Jika hendak membaca tinjauan terhadap film A Man Called Ahok atau Hanum dan Rangga secara objektif atau paling tidak profesional, tentulah saya memilih penulis dengan jenama (merek diri) yang sudah melambung sebagai penulis resensi film. Sebut saja di Tempo ulasan film dari Leila S. Chudori atau Mayong Suryo Leksono tak pernah saya lewatkan untuk mengambil keputusan sebagai seorang "sufi" alias penyuka film.
Kalaupun saya membaca semacam bocoran (spoiler) dari teman-teman di medsos yang juga mengulas film tersebut, sekadar hiburan saja dan melihat dari sudut pandang penonton. Maka dari itu, perdebatan dan perseteruan tentang film seperti AMCA dan HR wajar sangat riuh terjadi di antara pengulas film amatiran, bahkan ditimpali dengan komentar caci maki.
Dalam tulisan ini saya tak hendak membahas perdebatan dan perseteruan antarkubu pendukung kedua film itu. Saya sendiri belum menonton film salah satunya.Â
Ini khusus tentang menulis. Bahwa seorang penulis yang spesialis memang relatif lebih mudah dikenali dan diakui bobot tulisannya, bahkan mungkin dinanti-nantikan daripada penulis "dadakan". Lalu, apakah spesialis itu sangat penting untuk pemosisian jenama (bahasa Inggrisnya: personal branding) penulis di bidang tertentu?
Saya mengutip dulu empat paragraf esai "Kesatria" karya Mahbud Djunaidi berikut ini yang tak pelak mengundang senyum.
Sejak muda saya tidak pernah bisa bermain bola. Ini membuat perasaan rendah diri, seakan-akan kaki saya cuma sebelah. Seringkali saya duduk termenung di tepi lapangan, terheran-heran mengenang nasib. Kadangkala ada juga teman yang berbaik hati mengajak partisipasi. Tentu saja bukan ikut main, melainkan dipersilakan jaga sepeda.
Orang sekarang tentu menyebut ajakan itu bukan partisipasi, melainkan mobilisasi, tapi saya tidak ambil pusing. Sudah jadi adat dunia barangkali, sebagian kebanyakan dan sebagian lagi kesedikitan. Melawan ini berarti melawan status-quo, mengusik ketenteraman.
Kekurangan saya itu terbawa terus hingga hari ini, termasuk ke dunia tulis-menulis. Selaku penulis, saya ini generalis, bukan spesialis. Saya menulis ihwal apa saja yang lewat di depan mata. Persis tukang loak yang menjual apa saja yang bisa dipikul. Sebetulnya, saya ini ingin meningkat jadi penulis spesialis, seperti seorang kenalan yang khusus menulis bidang pajak. Begitu seringnya ia menulis ihwal pajak, bukan saja para pembacanya muak dan gelisah, tapi juga kenalan saya itu menjadi senewen.

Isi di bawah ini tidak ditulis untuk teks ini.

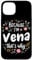 Because I'm Vena That's Why Floral Blooms Case for iPhone 13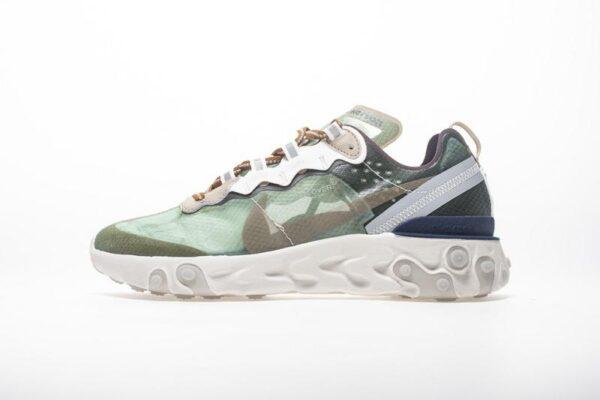 Nike React Element 87 “Brown green” AQ1090-002
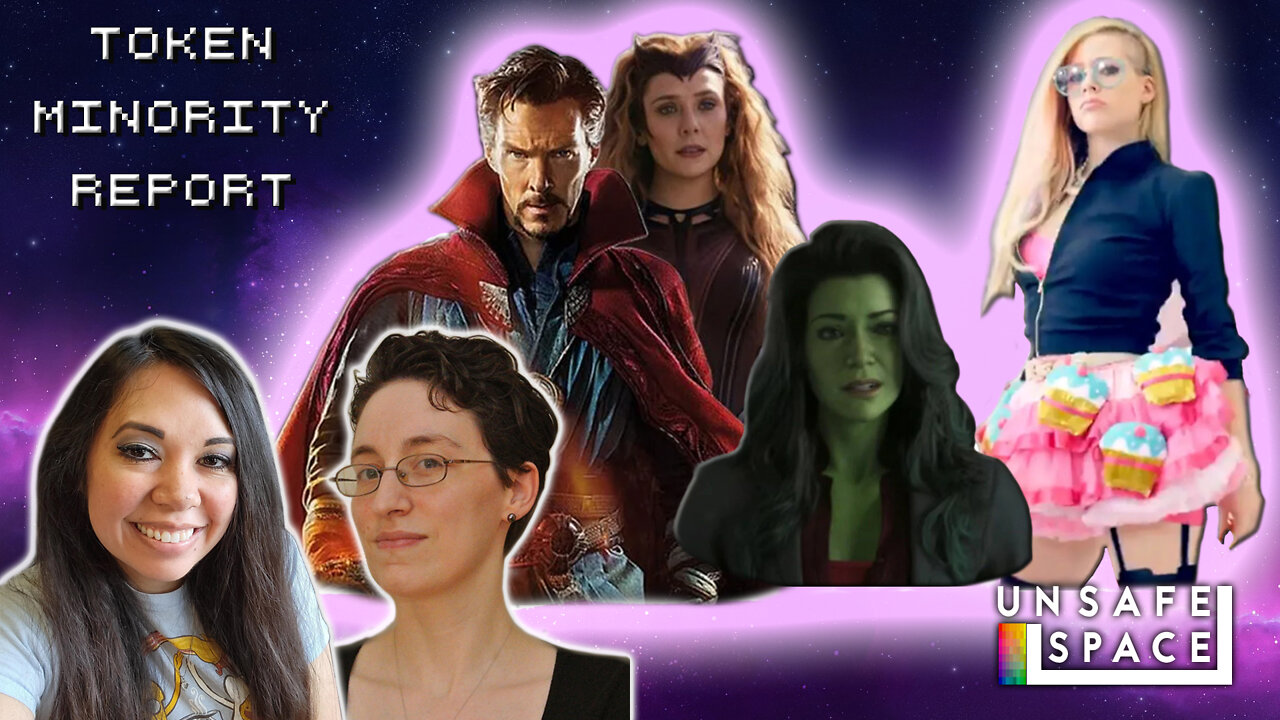 LIVE! [Token Minority Report] Doctor Strange, She-Hulk, & Avril Lavigne's "Racist" Hello Kitty Video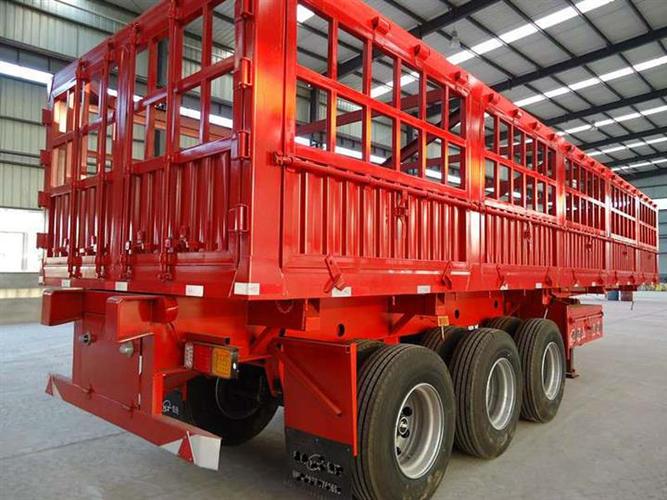 厂家直销13米高栏运输半挂车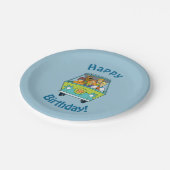 Scooby-Doo & The Gang Mystery Machine Papieren Bordje (Gekanteld)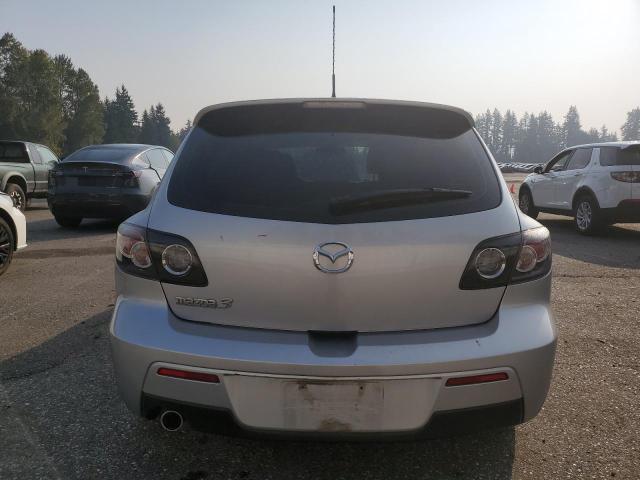 JM1BK143471746632 - 2007 MAZDA 3 HATCHBACK Argent photo 6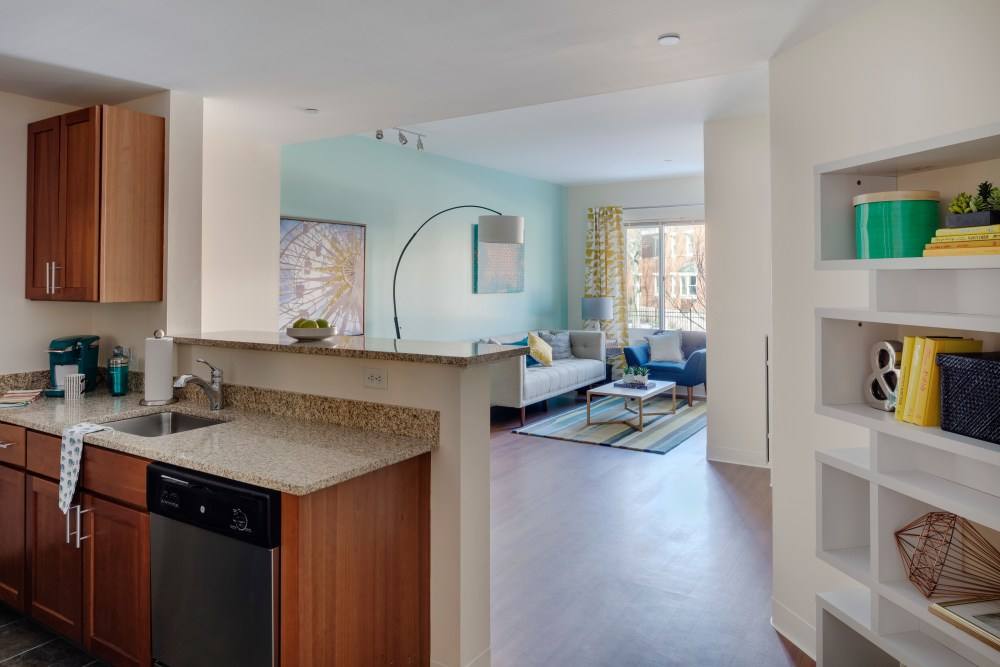 Apartment for rent at Peninsula, 401 Mount Vernon St, Dorchester, MA 02125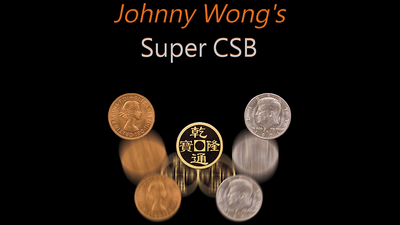 Super CSB (Gimmick and DVD) by Johnny Wong - Mystique Factory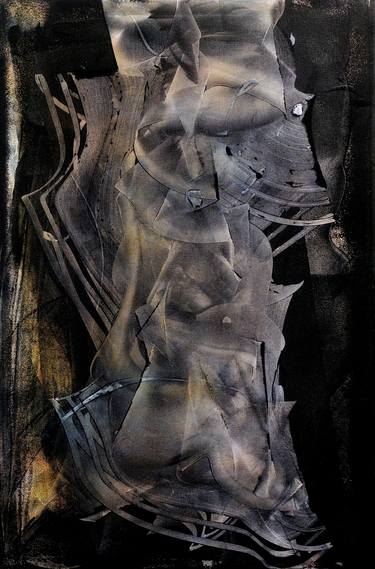 Original Conceptual Abstract Paintings by Newel Hunter
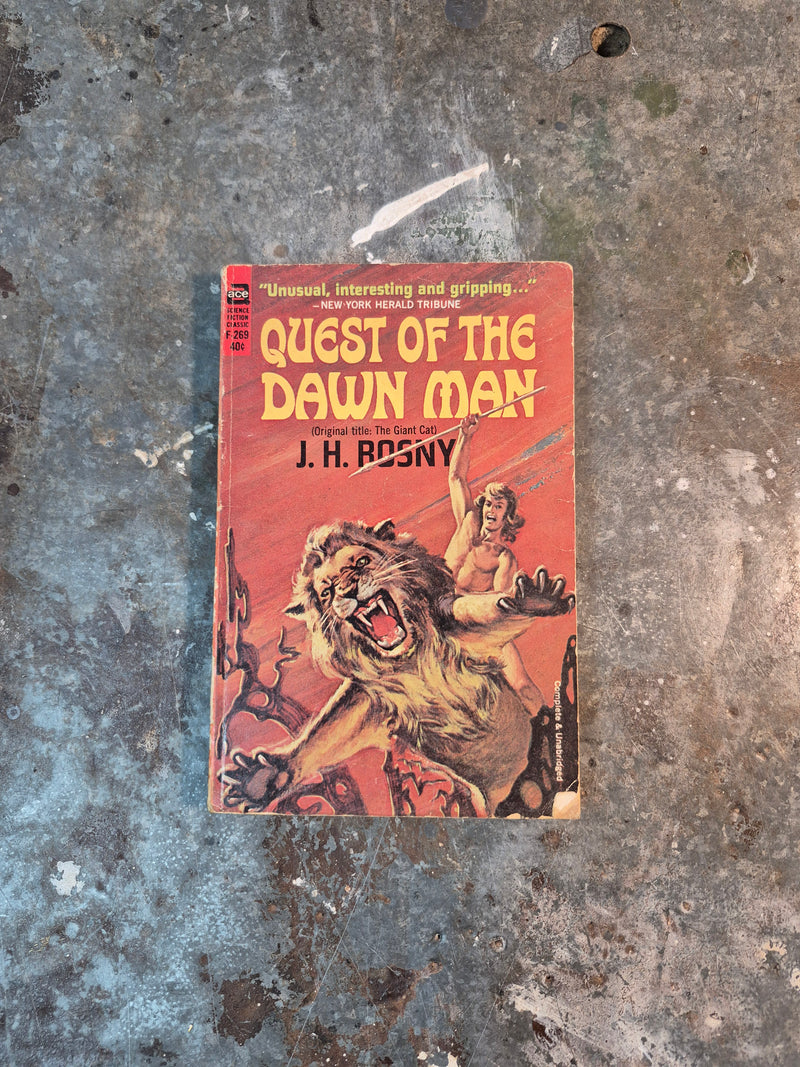 Quest Of The Dawn Man - J. H. Rosny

Meskipun Mahbud mengaku sebagai generalis, namanya sebagai sastrawan dan jurnalis era 1960-an melambung dan menancap di benak para penulis kawakan Indonesia. Ia disebut pendekar pena dengan kemampuan serbabisa dalam hal menulis hingga Presiden Soekarno pun sangat terkesan dengannya. Mahbud dikenal menulis esai dengan gaya satire dan humor yang kental.
Ia mampu menghubungkan sesuatu yang tidak ada hubungannya menjadi berkait erat. Itulah kehebatan seorang penulis apabila diberi kapling untuk menata kata dan membangun rumah wacana. Ia menjadi arsitek sekaligus pengembang yang membuat rumah memikat.